The following data has a line with "crypto icon concept in black color vector" and a line with "Silla mecedora individual". Write out exactly those lines and all the lines between them.

** Opening SUPPLIED DATA block **

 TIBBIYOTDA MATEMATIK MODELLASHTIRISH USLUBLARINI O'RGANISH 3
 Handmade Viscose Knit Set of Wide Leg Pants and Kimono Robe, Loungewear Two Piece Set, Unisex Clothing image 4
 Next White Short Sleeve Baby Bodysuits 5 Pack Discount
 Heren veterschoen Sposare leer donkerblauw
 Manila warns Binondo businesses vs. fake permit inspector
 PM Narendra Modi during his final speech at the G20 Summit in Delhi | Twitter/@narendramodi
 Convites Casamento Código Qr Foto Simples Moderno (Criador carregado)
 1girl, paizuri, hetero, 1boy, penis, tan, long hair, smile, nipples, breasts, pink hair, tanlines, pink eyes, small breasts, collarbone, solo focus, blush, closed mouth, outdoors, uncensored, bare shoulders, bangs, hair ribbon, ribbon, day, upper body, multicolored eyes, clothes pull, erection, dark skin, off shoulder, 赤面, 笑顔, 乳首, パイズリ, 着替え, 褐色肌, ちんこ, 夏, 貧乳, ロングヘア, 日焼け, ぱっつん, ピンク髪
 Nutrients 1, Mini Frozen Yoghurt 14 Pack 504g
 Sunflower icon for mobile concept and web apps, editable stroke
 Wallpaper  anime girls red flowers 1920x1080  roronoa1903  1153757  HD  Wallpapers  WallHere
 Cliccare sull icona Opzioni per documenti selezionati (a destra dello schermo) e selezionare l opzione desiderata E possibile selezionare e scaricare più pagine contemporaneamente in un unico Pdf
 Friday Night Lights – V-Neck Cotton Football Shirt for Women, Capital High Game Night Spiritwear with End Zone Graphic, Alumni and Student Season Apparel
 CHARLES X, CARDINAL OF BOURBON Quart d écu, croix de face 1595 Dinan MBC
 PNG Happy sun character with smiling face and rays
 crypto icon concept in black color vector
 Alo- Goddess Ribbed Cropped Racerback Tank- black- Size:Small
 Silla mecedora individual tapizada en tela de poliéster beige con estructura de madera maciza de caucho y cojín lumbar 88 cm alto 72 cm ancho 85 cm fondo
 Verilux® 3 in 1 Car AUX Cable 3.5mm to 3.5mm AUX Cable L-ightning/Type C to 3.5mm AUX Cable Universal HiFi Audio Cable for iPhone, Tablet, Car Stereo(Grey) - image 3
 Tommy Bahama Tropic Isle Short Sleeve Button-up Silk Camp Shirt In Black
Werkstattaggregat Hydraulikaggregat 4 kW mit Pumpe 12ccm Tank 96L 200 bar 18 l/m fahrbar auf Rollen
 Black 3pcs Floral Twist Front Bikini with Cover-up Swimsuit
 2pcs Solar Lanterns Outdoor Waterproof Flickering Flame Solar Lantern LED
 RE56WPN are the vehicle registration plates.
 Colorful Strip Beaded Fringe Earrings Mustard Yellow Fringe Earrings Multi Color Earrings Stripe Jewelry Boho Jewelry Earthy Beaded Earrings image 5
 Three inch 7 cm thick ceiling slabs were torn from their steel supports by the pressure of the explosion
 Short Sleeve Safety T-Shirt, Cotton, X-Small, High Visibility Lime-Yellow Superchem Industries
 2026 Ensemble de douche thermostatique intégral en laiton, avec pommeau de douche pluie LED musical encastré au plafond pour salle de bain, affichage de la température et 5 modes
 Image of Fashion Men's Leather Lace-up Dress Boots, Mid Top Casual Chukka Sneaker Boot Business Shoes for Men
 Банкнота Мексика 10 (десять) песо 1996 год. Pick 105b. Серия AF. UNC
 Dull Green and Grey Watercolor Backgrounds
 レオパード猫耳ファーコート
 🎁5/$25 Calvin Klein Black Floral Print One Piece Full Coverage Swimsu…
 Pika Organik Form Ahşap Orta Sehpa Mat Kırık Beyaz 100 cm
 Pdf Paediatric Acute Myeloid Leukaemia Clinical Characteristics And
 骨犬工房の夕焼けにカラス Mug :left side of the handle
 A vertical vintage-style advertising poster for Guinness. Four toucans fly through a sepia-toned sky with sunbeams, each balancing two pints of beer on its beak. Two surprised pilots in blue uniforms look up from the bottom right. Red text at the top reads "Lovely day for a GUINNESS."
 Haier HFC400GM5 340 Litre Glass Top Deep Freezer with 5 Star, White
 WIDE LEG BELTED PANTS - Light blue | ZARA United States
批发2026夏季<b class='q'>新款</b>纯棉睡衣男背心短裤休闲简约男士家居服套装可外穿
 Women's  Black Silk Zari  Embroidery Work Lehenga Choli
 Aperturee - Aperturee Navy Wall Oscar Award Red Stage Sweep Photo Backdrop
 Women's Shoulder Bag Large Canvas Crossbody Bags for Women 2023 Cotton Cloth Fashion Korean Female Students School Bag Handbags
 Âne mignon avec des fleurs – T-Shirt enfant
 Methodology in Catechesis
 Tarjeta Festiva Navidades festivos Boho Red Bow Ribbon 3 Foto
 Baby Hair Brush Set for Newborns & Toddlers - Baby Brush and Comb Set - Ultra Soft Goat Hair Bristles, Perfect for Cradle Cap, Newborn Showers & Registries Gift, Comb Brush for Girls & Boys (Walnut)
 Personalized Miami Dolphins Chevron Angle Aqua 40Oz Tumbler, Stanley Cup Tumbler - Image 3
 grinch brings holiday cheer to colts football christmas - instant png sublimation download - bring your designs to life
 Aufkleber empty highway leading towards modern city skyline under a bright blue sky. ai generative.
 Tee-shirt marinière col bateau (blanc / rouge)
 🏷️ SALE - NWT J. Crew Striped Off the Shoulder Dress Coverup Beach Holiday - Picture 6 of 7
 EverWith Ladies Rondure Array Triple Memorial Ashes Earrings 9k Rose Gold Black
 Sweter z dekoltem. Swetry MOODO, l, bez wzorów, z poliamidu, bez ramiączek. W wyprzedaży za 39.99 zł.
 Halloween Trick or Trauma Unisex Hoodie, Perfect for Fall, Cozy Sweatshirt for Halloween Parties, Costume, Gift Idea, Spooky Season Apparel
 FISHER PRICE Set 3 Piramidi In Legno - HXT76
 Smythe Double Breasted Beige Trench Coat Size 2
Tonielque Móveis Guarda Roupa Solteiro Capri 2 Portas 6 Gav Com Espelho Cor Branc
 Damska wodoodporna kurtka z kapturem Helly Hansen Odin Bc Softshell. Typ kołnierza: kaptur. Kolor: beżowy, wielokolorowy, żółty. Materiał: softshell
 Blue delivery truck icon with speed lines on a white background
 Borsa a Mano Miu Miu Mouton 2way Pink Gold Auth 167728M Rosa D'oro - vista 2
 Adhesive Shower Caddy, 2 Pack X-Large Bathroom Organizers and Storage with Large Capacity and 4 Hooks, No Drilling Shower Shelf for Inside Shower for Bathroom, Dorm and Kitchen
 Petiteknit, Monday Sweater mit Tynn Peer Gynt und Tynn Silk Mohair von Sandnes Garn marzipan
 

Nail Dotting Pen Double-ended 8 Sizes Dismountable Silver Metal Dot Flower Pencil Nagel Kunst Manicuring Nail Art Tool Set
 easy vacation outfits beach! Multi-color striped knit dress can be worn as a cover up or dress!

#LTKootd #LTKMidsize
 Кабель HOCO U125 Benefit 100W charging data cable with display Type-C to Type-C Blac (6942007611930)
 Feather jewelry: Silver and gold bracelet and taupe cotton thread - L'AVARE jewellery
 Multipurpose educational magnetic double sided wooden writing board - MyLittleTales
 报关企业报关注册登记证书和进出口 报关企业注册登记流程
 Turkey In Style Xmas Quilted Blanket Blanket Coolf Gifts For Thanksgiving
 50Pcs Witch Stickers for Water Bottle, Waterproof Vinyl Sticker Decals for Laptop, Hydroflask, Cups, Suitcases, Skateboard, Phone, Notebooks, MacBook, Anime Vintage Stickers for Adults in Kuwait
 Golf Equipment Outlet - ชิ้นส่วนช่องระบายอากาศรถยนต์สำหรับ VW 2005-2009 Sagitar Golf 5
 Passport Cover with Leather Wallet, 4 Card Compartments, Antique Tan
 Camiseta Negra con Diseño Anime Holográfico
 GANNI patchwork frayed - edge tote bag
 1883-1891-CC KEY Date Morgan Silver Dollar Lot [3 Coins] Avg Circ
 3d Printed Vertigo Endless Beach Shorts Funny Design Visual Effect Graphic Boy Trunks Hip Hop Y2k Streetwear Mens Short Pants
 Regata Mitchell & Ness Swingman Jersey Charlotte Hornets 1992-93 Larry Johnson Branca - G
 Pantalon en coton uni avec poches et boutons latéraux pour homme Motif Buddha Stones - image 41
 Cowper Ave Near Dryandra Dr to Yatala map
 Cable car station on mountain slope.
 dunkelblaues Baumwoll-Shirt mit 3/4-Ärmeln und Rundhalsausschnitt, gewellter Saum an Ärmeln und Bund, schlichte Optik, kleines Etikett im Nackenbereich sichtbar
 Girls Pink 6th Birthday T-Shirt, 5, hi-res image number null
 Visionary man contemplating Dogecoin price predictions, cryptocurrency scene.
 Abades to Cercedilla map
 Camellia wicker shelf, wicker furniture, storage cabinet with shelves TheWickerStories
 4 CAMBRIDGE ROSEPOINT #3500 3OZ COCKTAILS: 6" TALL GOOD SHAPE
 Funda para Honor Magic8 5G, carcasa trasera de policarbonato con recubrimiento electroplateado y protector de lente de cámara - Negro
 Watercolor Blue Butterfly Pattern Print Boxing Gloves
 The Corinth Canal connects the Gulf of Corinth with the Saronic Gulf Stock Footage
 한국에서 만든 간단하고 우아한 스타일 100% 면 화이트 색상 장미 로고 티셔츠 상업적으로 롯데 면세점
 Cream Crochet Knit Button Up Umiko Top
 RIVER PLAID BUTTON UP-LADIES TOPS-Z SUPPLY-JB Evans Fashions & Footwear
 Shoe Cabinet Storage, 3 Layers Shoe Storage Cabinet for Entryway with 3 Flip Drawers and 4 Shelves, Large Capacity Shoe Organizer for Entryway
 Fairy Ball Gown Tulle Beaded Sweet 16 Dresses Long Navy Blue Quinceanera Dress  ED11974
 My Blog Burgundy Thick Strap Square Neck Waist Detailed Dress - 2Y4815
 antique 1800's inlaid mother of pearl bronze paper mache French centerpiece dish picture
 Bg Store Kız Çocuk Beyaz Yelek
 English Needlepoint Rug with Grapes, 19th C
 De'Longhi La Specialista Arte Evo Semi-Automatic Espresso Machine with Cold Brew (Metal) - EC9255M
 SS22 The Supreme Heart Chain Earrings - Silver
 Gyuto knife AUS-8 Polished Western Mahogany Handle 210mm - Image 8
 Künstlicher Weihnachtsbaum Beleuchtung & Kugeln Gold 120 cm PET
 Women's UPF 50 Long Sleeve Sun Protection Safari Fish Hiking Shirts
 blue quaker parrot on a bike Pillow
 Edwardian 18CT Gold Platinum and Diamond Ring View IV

** Closing SUPPLIED DATA block **

[WRITTEN SOLUTION]
 crypto icon concept in black color vector
 Alo- Goddess Ribbed Cropped Racerback Tank- black- Size:Small
 Silla mecedora individual tapizada en tela de poliéster beige con estructura de madera maciza de caucho y cojín lumbar 88 cm alto 72 cm ancho 85 cm fondo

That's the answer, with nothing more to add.